(Material provided):
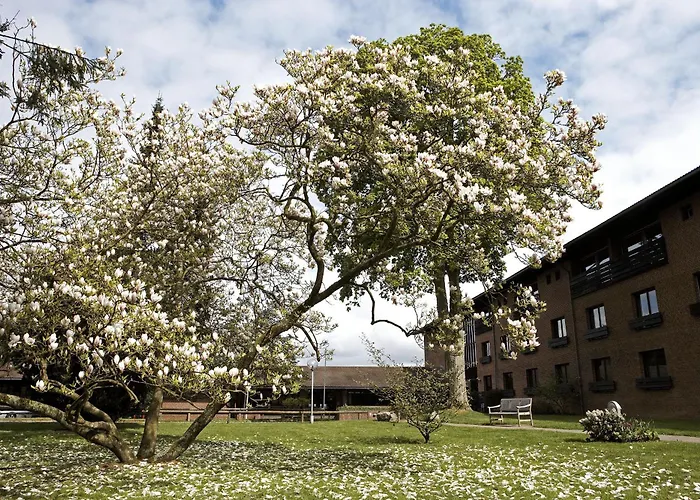 Munkebjerg Hotel Vejle
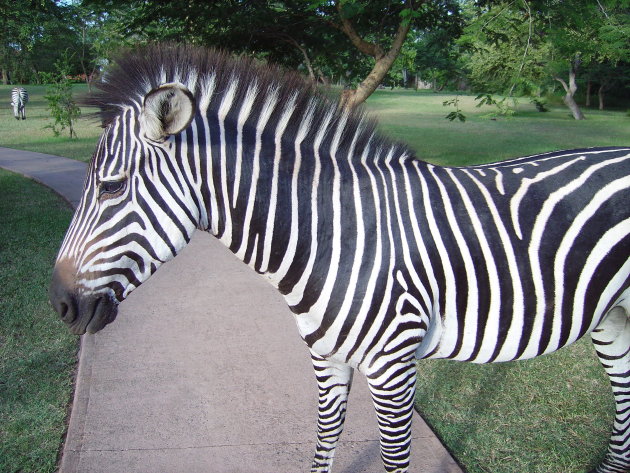 Zebra Zambia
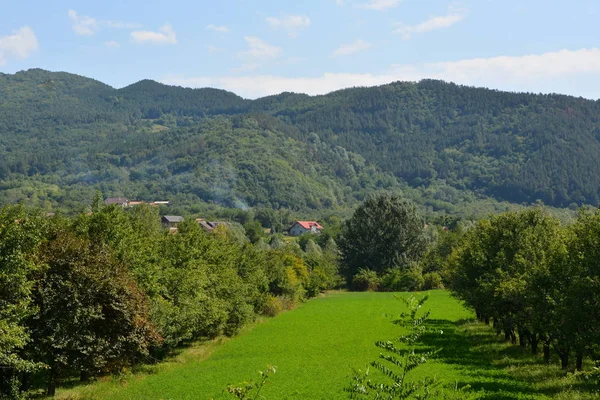 Typical landscape in the forests of Transylvania, Romania. Green landscape in the autumn, in a sunny day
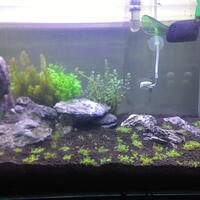 aquascape-for-everyone-learning-and-sharing---part-2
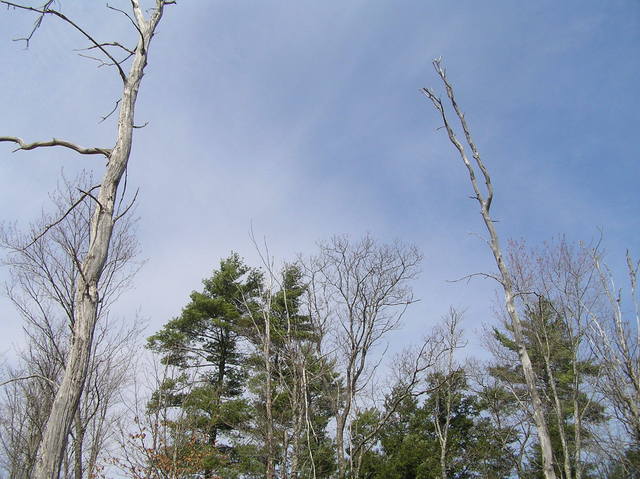 View of the sky at the confluence.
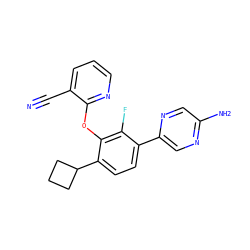 N#Cc1cccnc1Oc1c(C2CCC2)ccc(-c2cnc(N)cn2)c1F ZINC000224554389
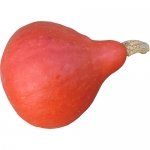 Boston Marrow
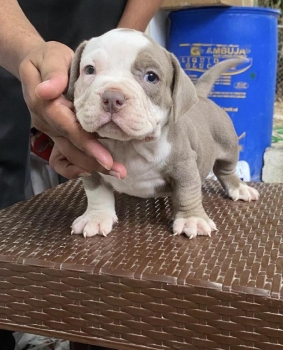 American bully pocket ambos sexos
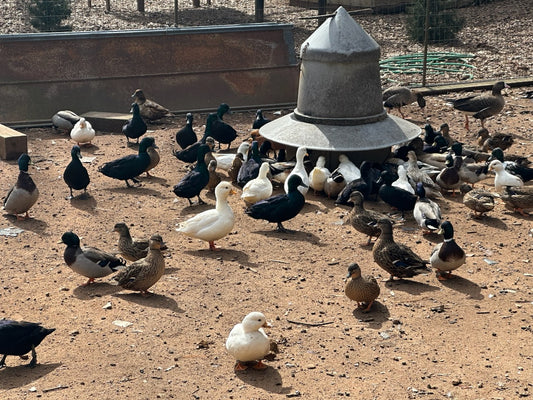 10 Snowy Call Duck Eggs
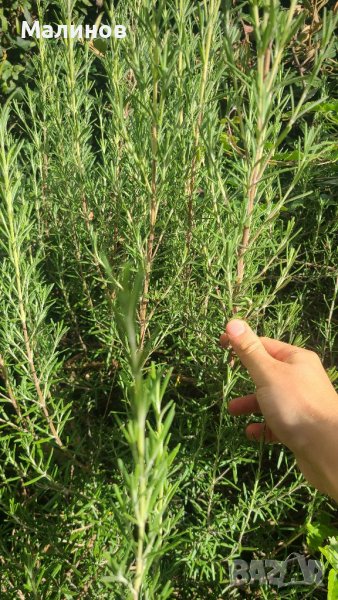 Розмарин - за пресаждане, пресен или за сушене, снимка 1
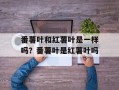 番薯叶和红薯叶是一样吗？番薯叶是红薯叶吗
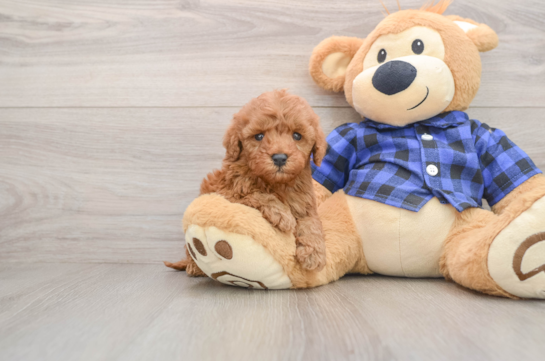 Adorable Setterdoodle Poodle Mix Puppy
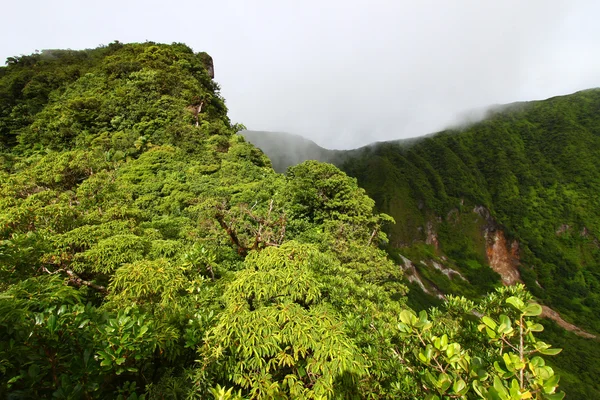 Stock image Rainforest of Saint Kitts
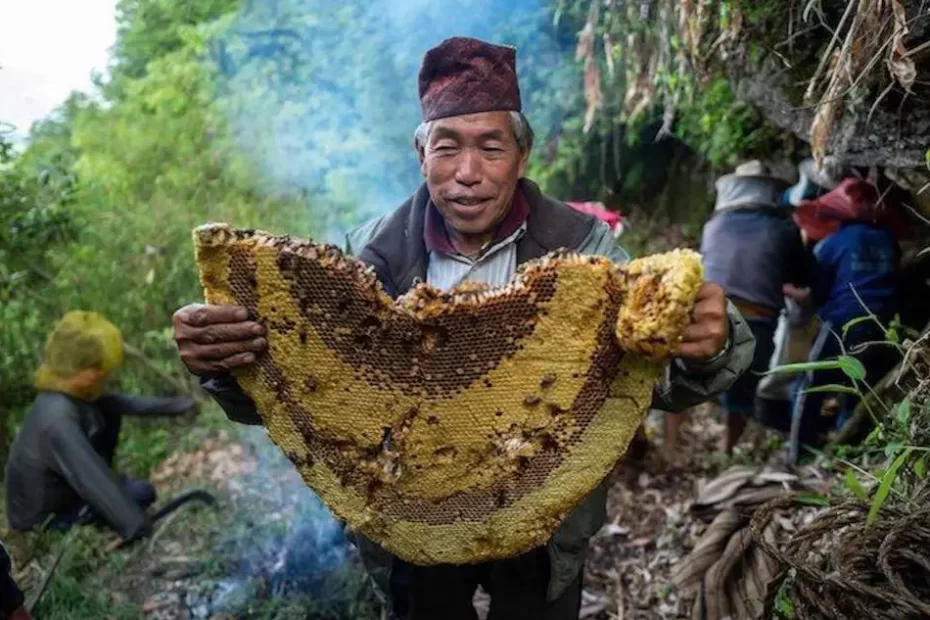 The History of Mad Honey: The Rare Hallucinogen from the Mountains of Turkey and Nepal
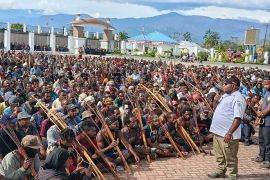 Menilik peran lembaga adat selesaikan konflik Papua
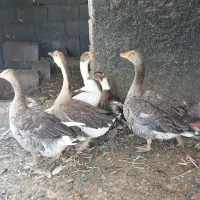 غاز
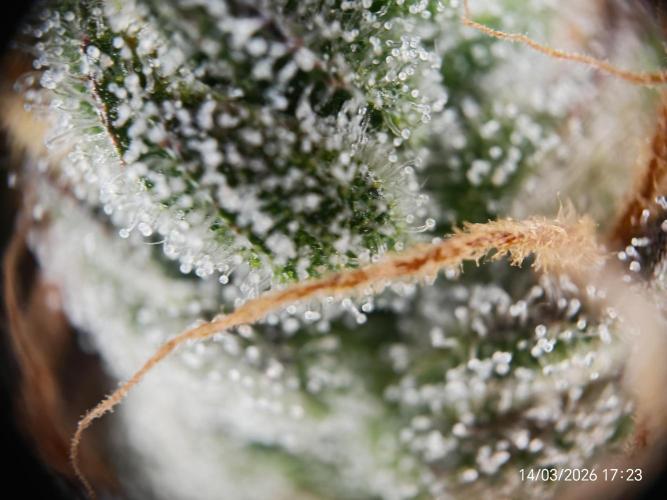 Imperium X. Week 17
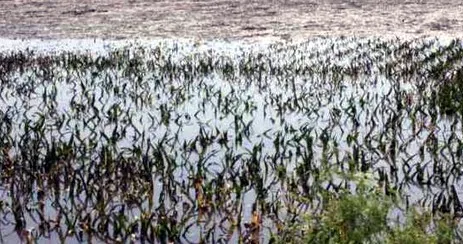 बारिश,ओलावृष्टि से प्रभावित किसानों को मुआवजा दे सरकार: कांग्रेस 
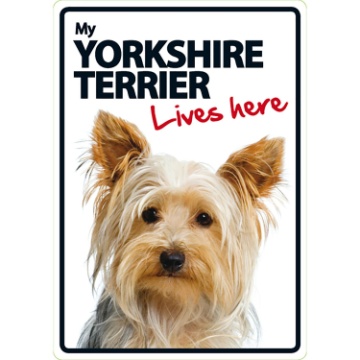 Magnet Y Steel Señal A5 Yorkshire Terrier Lives Here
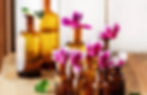 Miniatyrbilde: Cyclamen Persicum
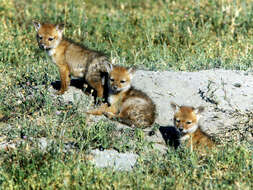 Image of golden jackal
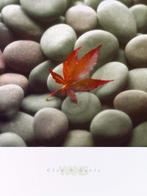 Kunstdruk Glen & Gale Wans - Leaf on Stone 45x61cm, Verzenden, Nieuw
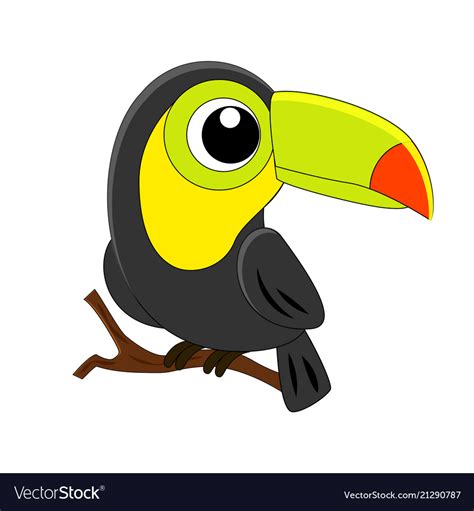 Toucan Cartoon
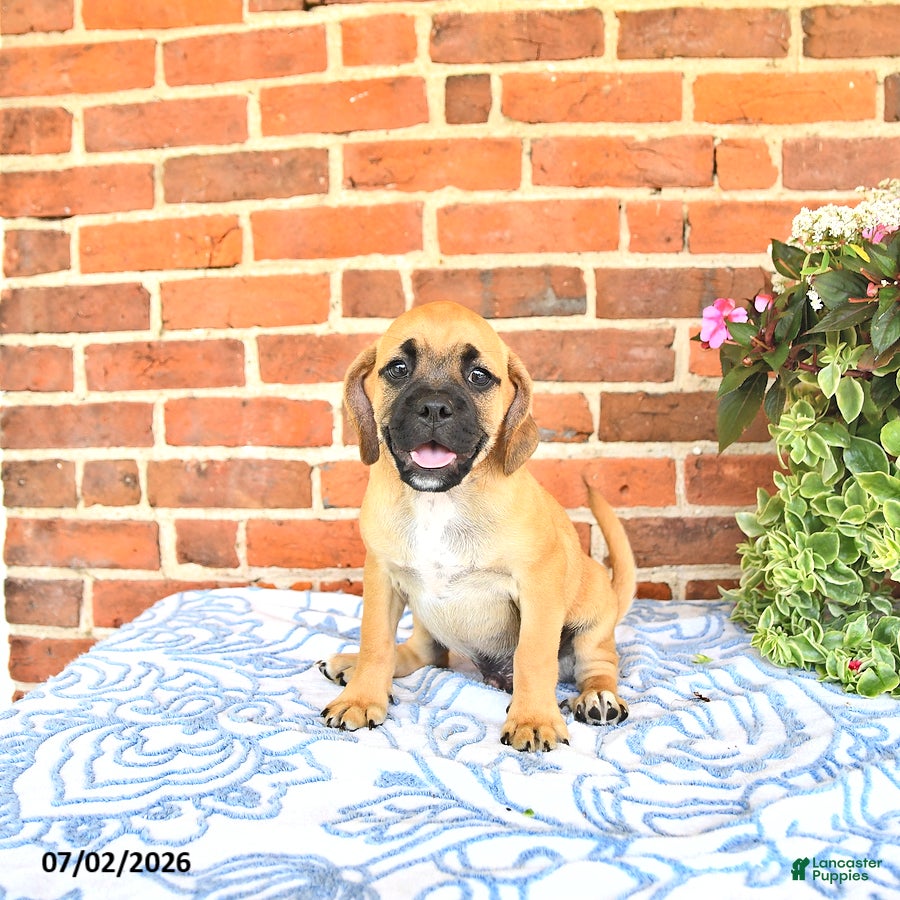 Puggle dogs Robbie - Ad 2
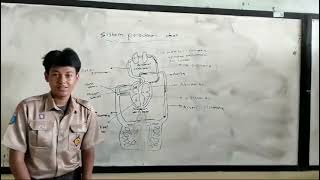 Ringkasan materi sistem peredaran darah dan sistem pencernaan biologi kelas XI [upl. by Calendra994]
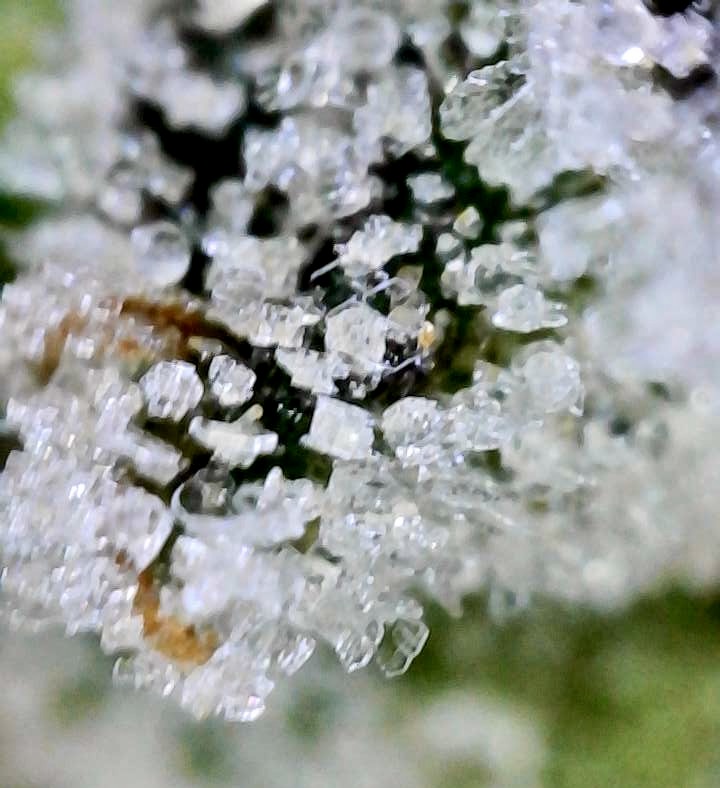 Zkittlez Frosted Trichomes4.JPG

(What the task asks): Each line above should be written out again exactly, without any image.

(Task result):
 Munkebjerg Hotel Vejle
 Zebra Zambia
 Typical landscape in the forests of Transylvania, Romania. Green landscape in the autumn, in a sunny day
 aquascape-for-everyone-learning-and-sharing---part-2
 View of the sky at the confluence.
 N#Cc1cccnc1Oc1c(C2CCC2)ccc(-c2cnc(N)cn2)c1F ZINC000224554389
 Boston Marrow
 American bully pocket ambos sexos
 10 Snowy Call Duck Eggs
 Розмарин - за пресаждане, пресен или за сушене, снимка 1
 番薯叶和红薯叶是一样吗？番薯叶是红薯叶吗
 Adorable Setterdoodle Poodle Mix Puppy
 Stock image Rainforest of Saint Kitts
 The History of Mad Honey: The Rare Hallucinogen from the Mountains of Turkey and Nepal
 Menilik peran lembaga adat selesaikan konflik Papua
 غاز
 Imperium X. Week 17
 बारिश,ओलावृष्टि से प्रभावित किसानों को मुआवजा दे सरकार: कांग्रेस 
 Magnet Y Steel Señal A5 Yorkshire Terrier Lives Here
 Miniatyrbilde: Cyclamen Persicum
 Image of golden jackal
 Kunstdruk Glen & Gale Wans - Leaf on Stone 45x61cm, Verzenden, Nieuw
 Toucan Cartoon
 Puggle dogs Robbie - Ad 2
 Ringkasan materi sistem peredaran darah dan sistem pencernaan biologi kelas XI [upl. by Calendra994]
 Zkittlez Frosted Trichomes4.JPG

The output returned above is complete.